Dr. Kimani A. Stancil ’94, physics and mathematics

September 3, 2014 1:27 PM

Outstanding Alumnus
Natural & Mathematical Sciences

Dr. Kimani A. Stancil ’94, physics and mathematics
Howard University, Assistant Professor of Physics and Astronomy, Specialty Area – Soft Condensed Matter Physics

After receiving his degrees in physics and mathematics from UMBC in 1994, Dr. Kimani Stancil proceeded to the Massachusetts Institute of Technology (MIT) where he obtained in 2002 his Ph.D. in Physics studying polymer gels. Before beginning a postdoctoral fellowship in 2004 in nanoscience at the Lawrence Berkeley National Laboratory at University of California Berkeley, he spent a little over a year teaching mathematics, science, and chess to grades 3 through 8 at Baltimore City’s Maarifa Elementary and Middle School; he later donated all his wages earned to the Maarifa School. After his postdoc in 2008, Dr. Stancil was appointed Assistant Professor of Physics at Howard University, where he currently teaches courses in calculus-based introductory physics – mechanics, electricity, and magnetism, and a course in graduate statistical mechanics.

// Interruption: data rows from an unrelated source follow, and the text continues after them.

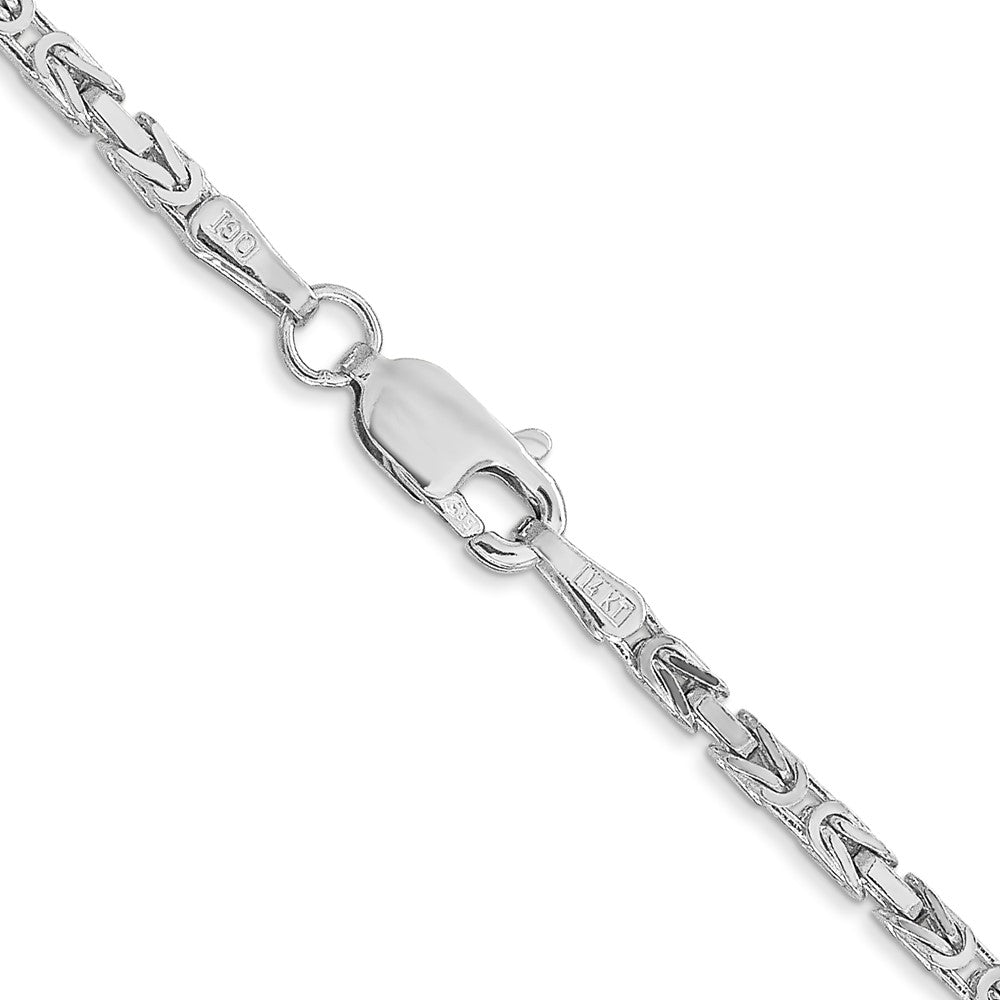 14k WG 2mm Byzantine Chain (12.05 grams)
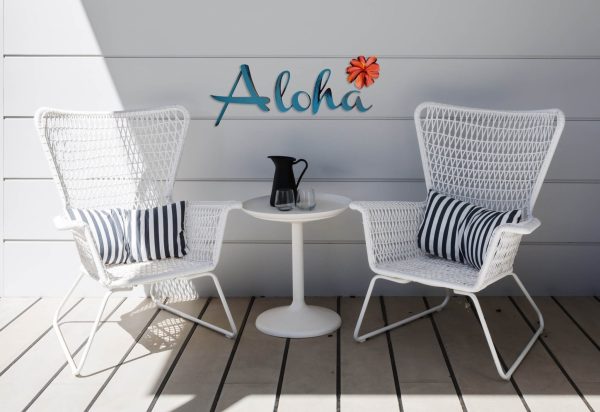 Aloha Hand Painted Wall Word Decoration Sale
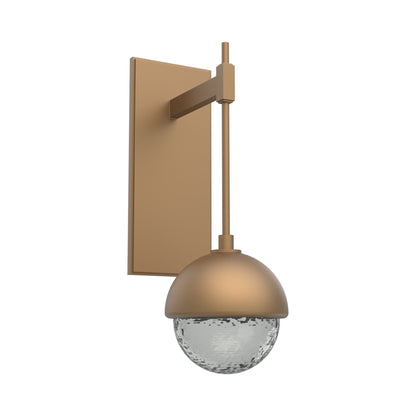 Cabochon Tempo LED Wall Light in Novel Brass/Smoke Blown Glass (Matching Finish).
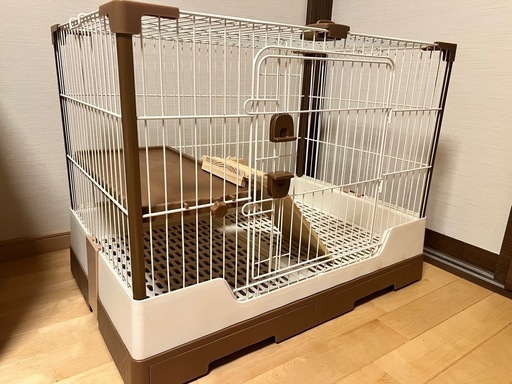 《お譲り先が決まりました\n》うさぎロフト付きケージ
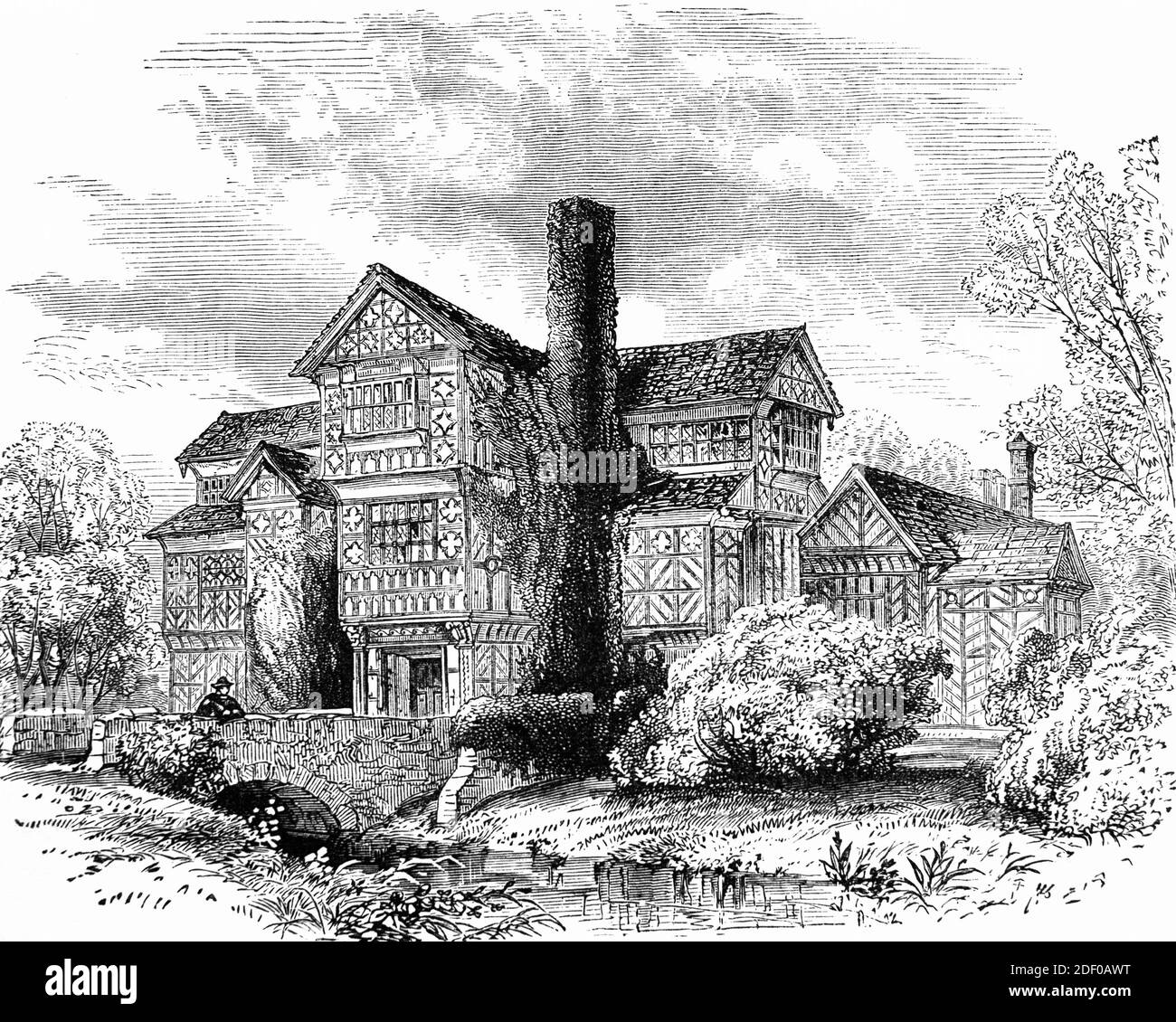 English tudor manor house Black and White Stock Photos & Images - Alamy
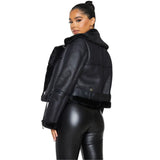 Petite-Black-Faux-Leather-Cotton-On-Aviator-Jacket-Back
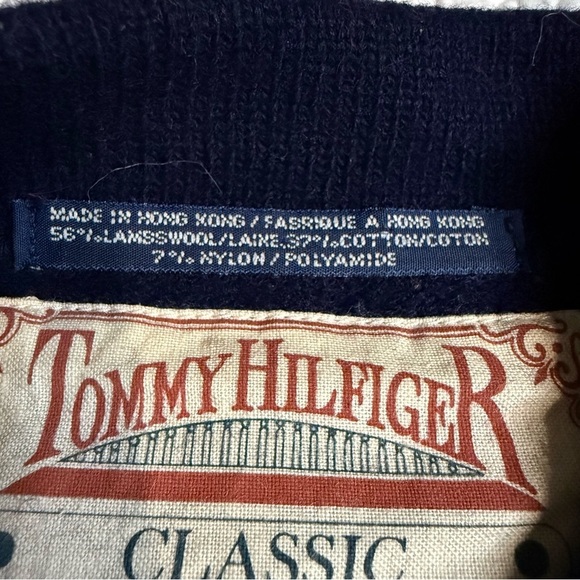 Vintage Tommy Hilfiger Classic Surplus Style Lambs Wool Aztec Medium Rare - Picture 8 of 9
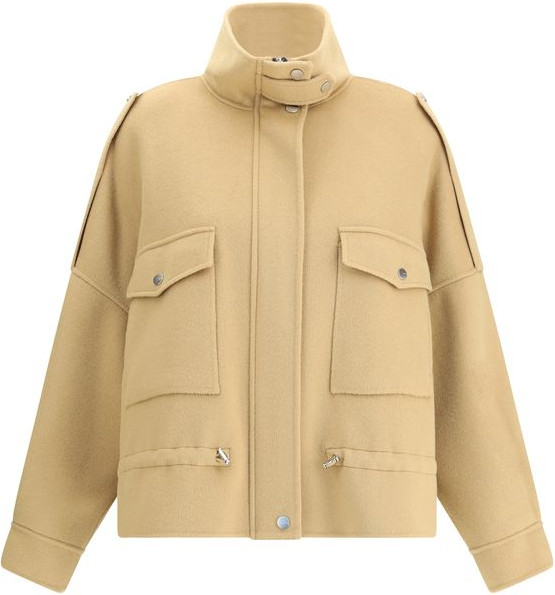Pinko Beige Wool Coat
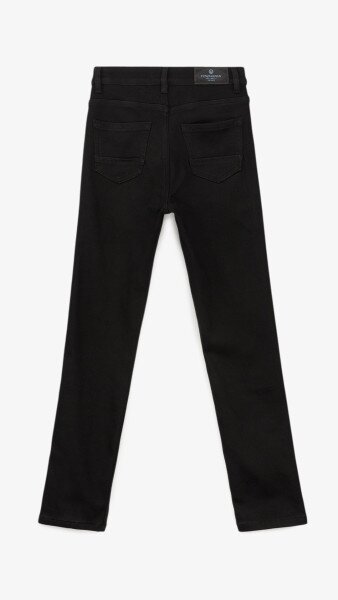 Купить Джинсы Slim Fit женские Vindasion 4030 25 Черный Артикул: 2000999306167 Фото №11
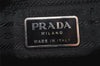 Authentic PRADA Vintage Leather Shoulder Bag Purse Black 6346J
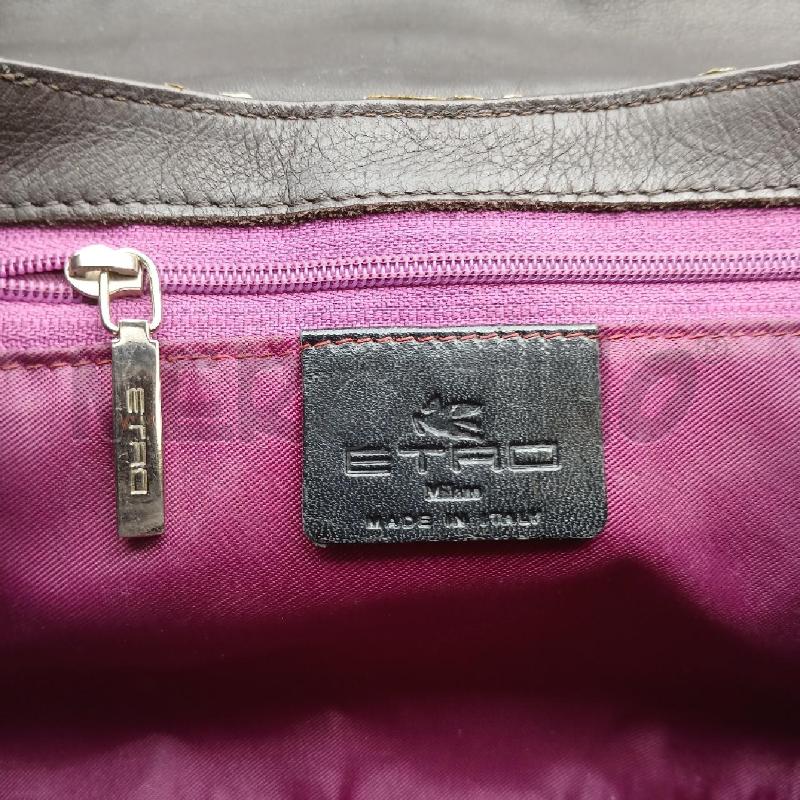 BORSA A SPALLA ETRO RETTILE BEIGE ARGENTO BORCHIE | Mercatino dell'Usato Roma garbatella 5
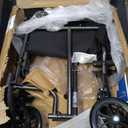 Drive Medical Lightweight Folding Transport Wheelchair - Reliable Mobility Support - Durable Steel Frame - Swing-Away Footrests - Compact Travel Design - Silver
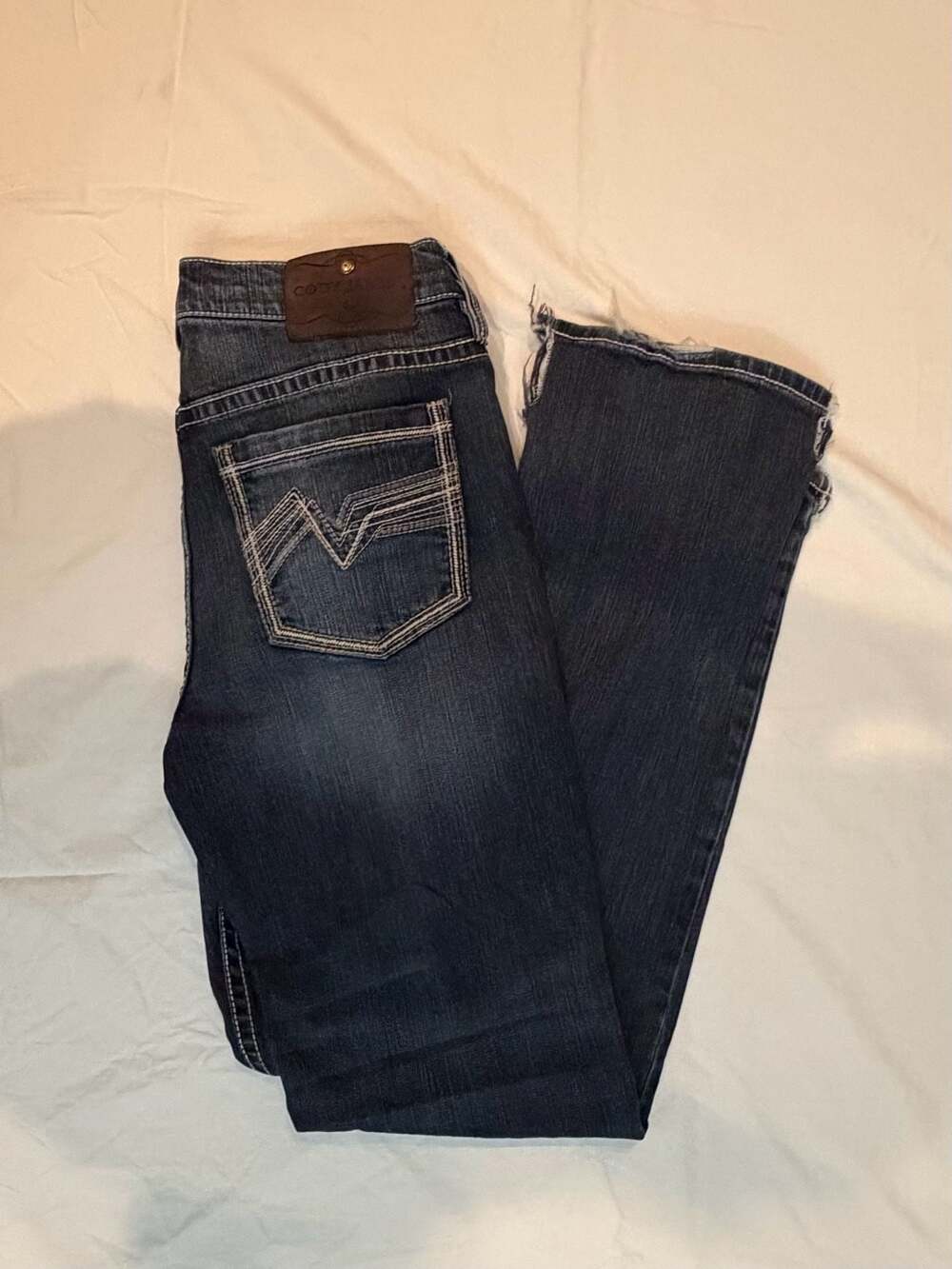 Cody James Men's Dark Wash Slim Straight Stretch Denim Jeans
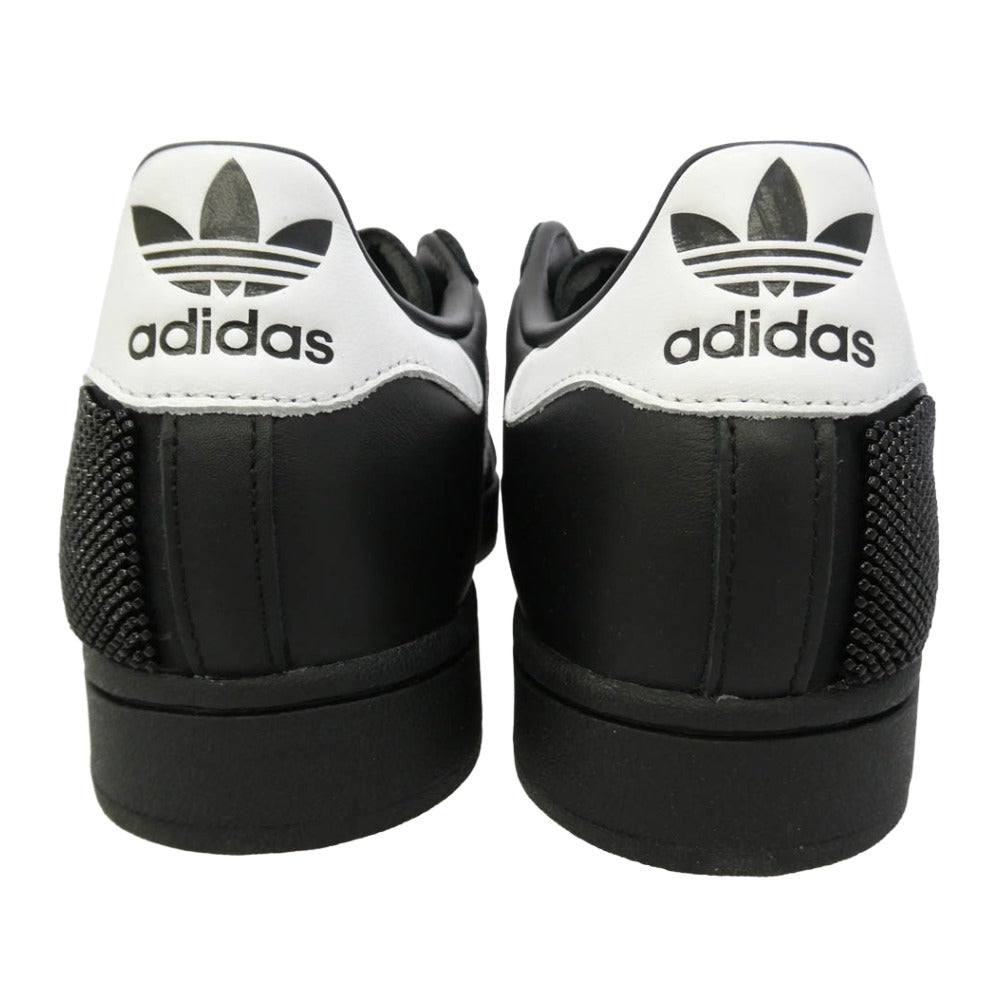 adidas アディダス JH7098 Women's Superstar Core Black ウィメンズ スーパースター コアブラック スニーカー ブラック系 27.5cm【新古品】【未使用】【中古】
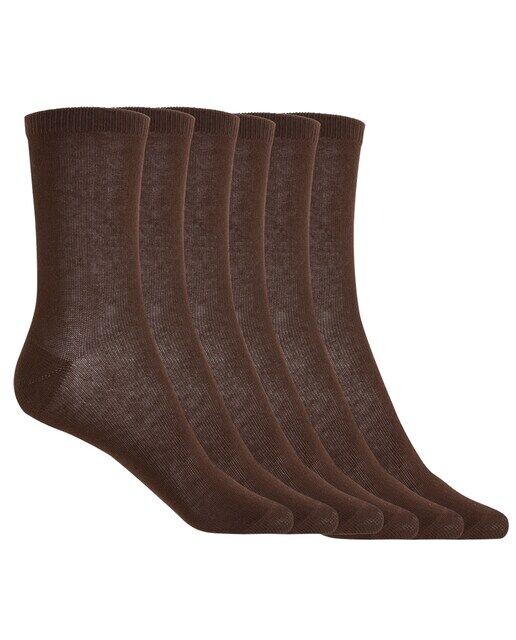 В упаковке 6 пар однотонных хлопковых носков Basix Punto Blanco, темно-коричневый 
В упаковке 6 пар однотонных хлопковых носков Basix Punto Blanco, темно-коричневый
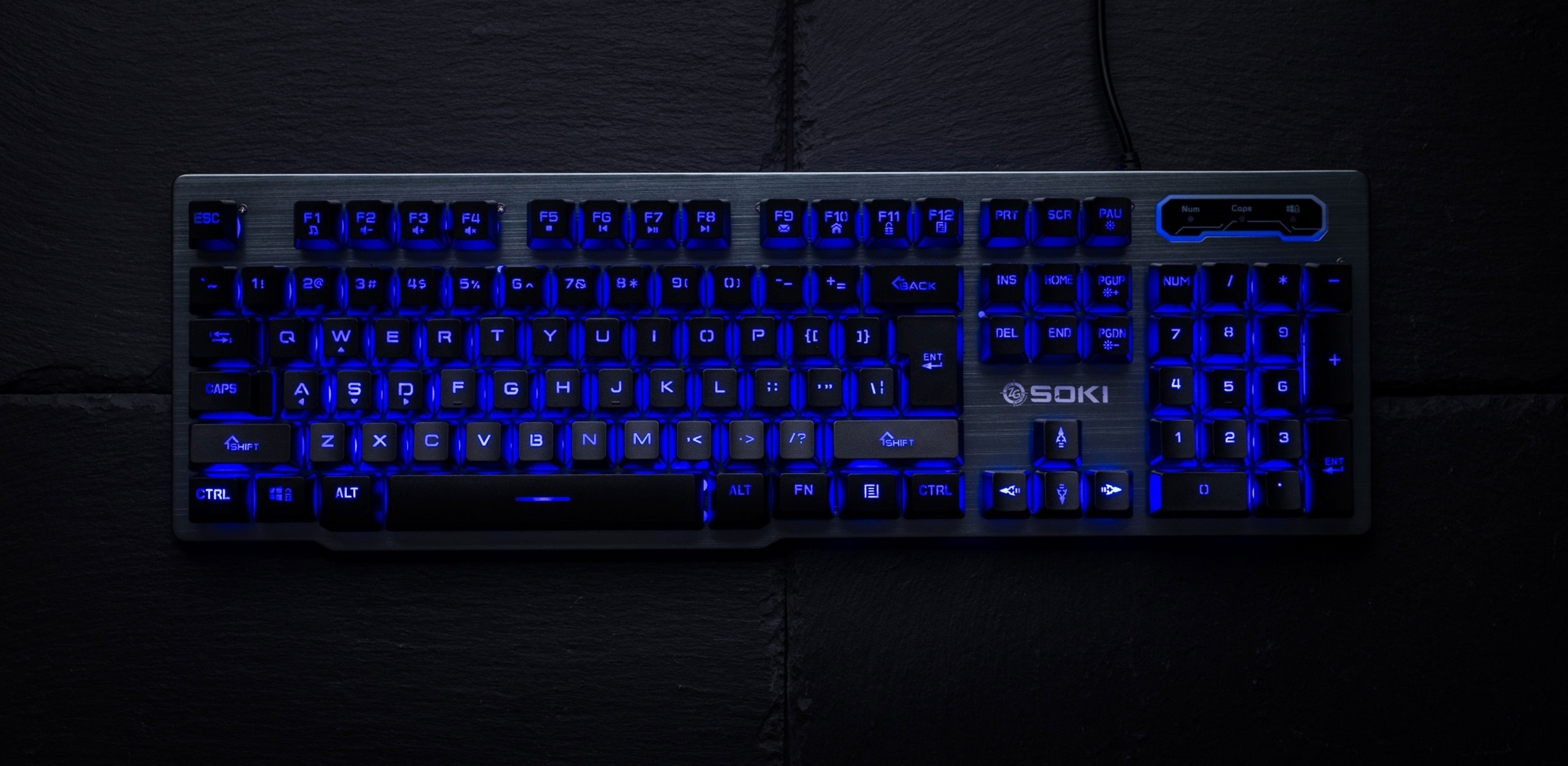 ZeroGround Soki - Gaming keyboard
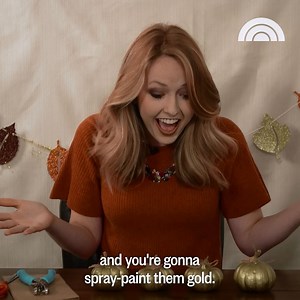 You’ll never guess what we turned a flower pot and serving tray into! (Hint: Thanksgiving centerpiece.) | Today Show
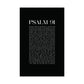 Psalm 91 Christian Art Print - Black (Physical Poster)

In his short career, Dr. Stancil has also produced one Physics PhD (Graduated Summer 2012), five publications (plus two recently submitted and three more in preparation), and has received external and internal research grants. He is a master level chess player and former Maryland High School Chess Champion, and has steadily found ways to combine his interests in math and science to attract students from under-represented groups to science. He is currently seeking external funding for his program, “AYA-All You can Aspire,” which combines physics and chess in an effort aimed to inspire youth and community. Dr. Stancil regularly serves as an unofficial mentor for students at UMBC – always giving back when possible. A member of the first cohort of Meyerhoff Scholars, he was the keynote speaker at the Meyerhoff Parent Association graduate reception this year. His speech included his original poetry written when he was a UMBC student.